The health care company claims they didn’t learn about the mistake until three days later.

Attorneys for their patients sent a letter to the health care corporation demanding they stop sending these letters “in the current form.” Lawyers also want for Aetna to develop a better plan to correct its practices and procedures. 

“Aetna’s privacy violation devastated people whose neighbors and family learned their intimate health information,” Sally Friedman, legal director of the Legal Action Center in New York said in a statement.

“They also were shocked that their health insurer would utterly disregard their privacy rights.”

So why does this mix-up matter?

Yes HIV is no longer the death sentence it was before, but stigma around the disease is still pretty common for people living with the disease.
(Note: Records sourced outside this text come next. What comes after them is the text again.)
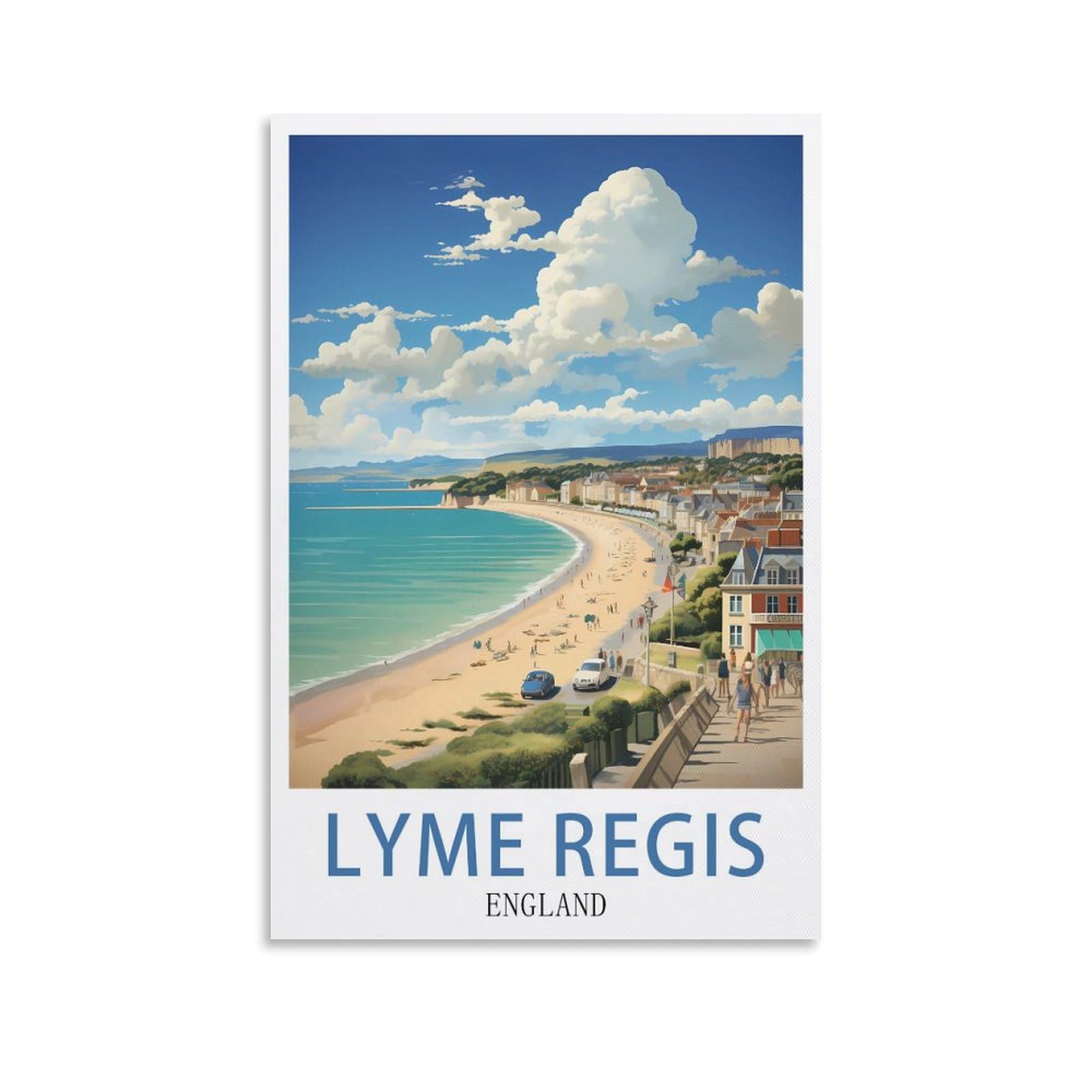 Ekmcl T401 Vintage Metal Tin Wall Sign Lyme Regis England Art Plaque Poster Wall Decor For Home Tool Room Bar Club Restaurant Cafe 20X30cm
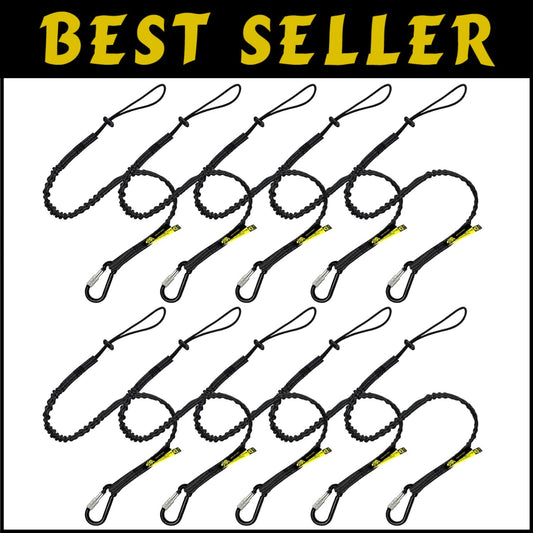 Reflective Tool Tether Lanyard with Adjustable Loop - Max 8KG Load for Safety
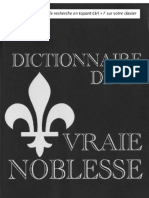 Dictionnaire de la vraie/fausse Noblesse - Tallandier 2008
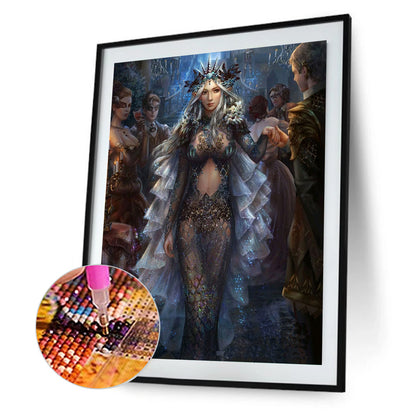 Mermaid - Full Round Drill Diamond Painting 30*40CM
It can lead to loss of employment, housing and education discrimination and even violence. 

Thanks to is breach of confidentiality, several clients have said that family members and neighbors learned that they were using HIV medication from these mailers.

“This is unacceptable. Discrimination against persons with HIV continues to persist,” New York State Attorney General Eric Schneiderman wrote. “Our office is deeply concerned over Aetna’s commitment and ongoing efforts to protect patient health information.”